Every great once in a while, I like a really wierd "dungeon," like a sentient factory, a burning manor house, or a bramble maze that moves to close up seemingly every exit. In a year-long level 1-30 campaign, I'd maybe have one or two such dungeon adventures and a slightly longer one leading up to the campaign's final boss.

But the vast majority of the time, I prefer wilderness adventures with a strong military flavor, with some city-based espionage thrown in.

Actual subterranean "traditional D&D dungeons"? That would be a big 0%.
 

PJ-Mason said:
Not much at all. I am way more of a political court/urban intrigue type myself. I don't mind the rare rare trapse into a dungeon if there is a darn good reason, but it better NOT be the World's Largest Dungeon! :D
Yep, that's about me. I picked 20%, but that's using a pretty liberal interpretation of the word dungeon; I considered the Baron's manor house to be a "dungeon" for instance.
 

I did not see an appropriate choice...
I like both 100% dungeon crawl, and 0% dungeon crawl, but clearly labeled and seperate...
i.e. On Fridays we're doing Undermountain. All dungeon, all the time. But on Saturdays we have our Intrigue and political game, and never the two shall meet.
Few games are more ripe for disappointed players when the players are anticipating one and end up with the other.
 

wilder_jw said:
The reason I think I like dungeon crawls, despite my self-proclaimed status as a "sophisticated RPer" -- is that the goal -- or at least a goal -- is usually very clear in dungeons. In less restrictive venues -- wilderness, city, intrigue -- the goal can be extremely hard to spot and extremely hard to hang on to once it's been spotted.

Many people say, "Well, the best games are those in which players choose and follow their own goals." To a limited extent, I agree with that ... as a DM, I'm willing to grant my players a small amount of individual attention for personal subplots and the like.

But I cannot stand those games in which everyone does their own thing for huge chunks of time, while everybody else sits around bored. Note that I'm not complaining about unfair distribution of the DM's attention ... I don't care if I get my allocated hour-fifteen of a five-hour session. I'm there to play a group activity, not an individual activity with a rotating audience.
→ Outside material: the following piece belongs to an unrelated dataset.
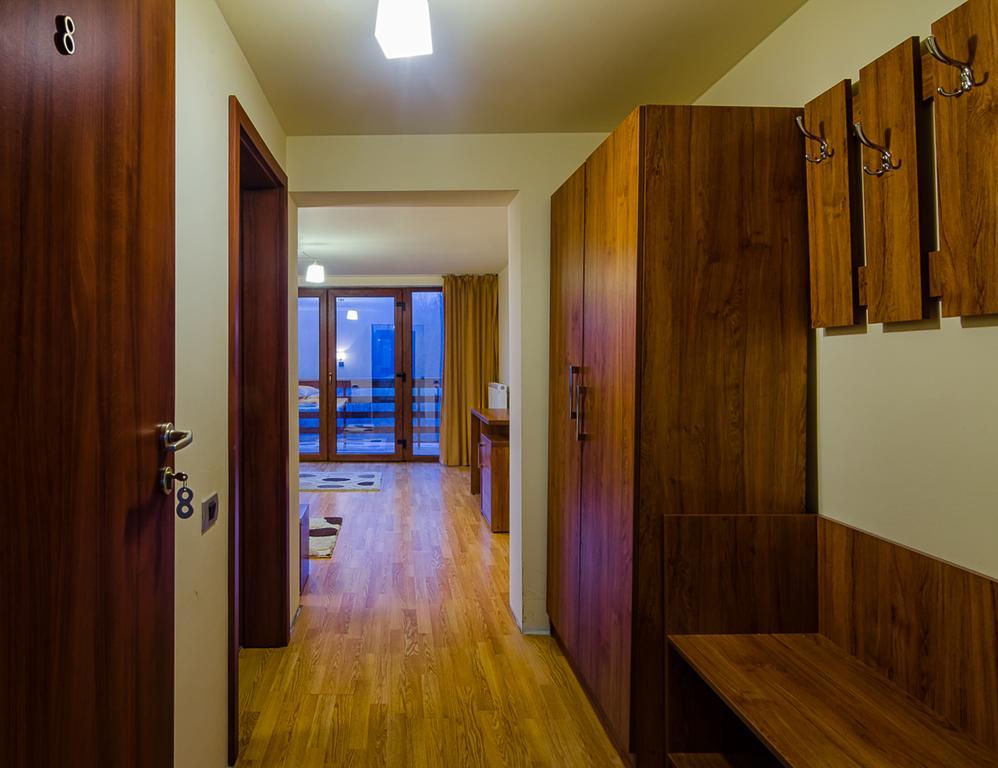 Hotel Panorama Pietrei Craiului Zărneşti Exterior foto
Anyway, that problem rarely occurs in dungeon crawls, which is why I like them.
That's a pretty insightful post there; and something that I've thought about a fair amount in my political urban intrigue (so far) game. How do you go about getting disparate character concepts on the same page in terms of goals, how do you keep the goal in front of the players, how do you make sure that the session doesn't bog down, and they can feel actual, continual progress towards their goals?

I think it's worked relatively well to date in my campaign, but it's probably a topic best covered in a new thread, and there are certainly times when if I let my eye off the ball as a GM, I can feel that sense of unified purpose start to slip away and it starts to bog down into the "what should we do next?" kind of thing.
 

Most people seem to be clustering around the 40-60% range - where I'd expect it.
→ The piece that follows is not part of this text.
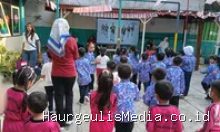 Investasi Kesehatan Anak di TK Beringin Haurgeulis Melalui Senam Pagi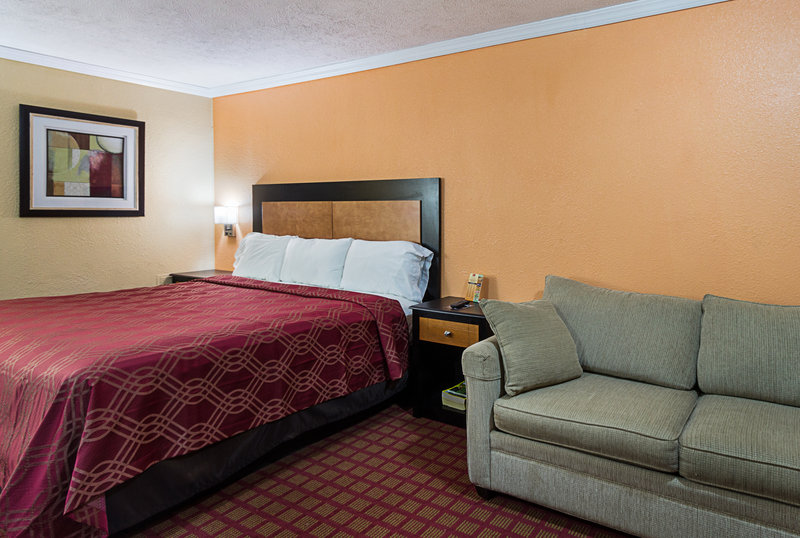 Rodeway Inn West Dodge - photo 21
I'm more of a 60% "crawl" man myself, probably because I still take some of the old school maxims to heart. In the end, I'm there for fun, and huge amounts of intrigue don't make as much fun for me. If I could arrange my group to play an old-fashioned "all-night dungeon run" during a holiday, with an old TSR module, I'd do it, because it's fun and direct. You have options, but not so many as to bog you down.

OTOH, If there's nothing but "open the door and clean out the next room", I get bored after a few hours of it, with no goal in sight. I'm more into "tomb of horrors" and "White Plume Mountain" than I am "tomb of Tsojcanth" or "Keep on the borderlands."

Fights (big combats) are a different matter. Regardless of setting, I try to have at least one if not two of those a session. After wading through a week of working retail, or tech support, or school, or truck driving deadlines, my players want a good session of ripping up the countryside, kicking butt and taking names.
 

I got a fever, and the cure is: MORE DUNGEON CRAWL!!!

Seriously though, 40-60%, depending on the current environment the party is in.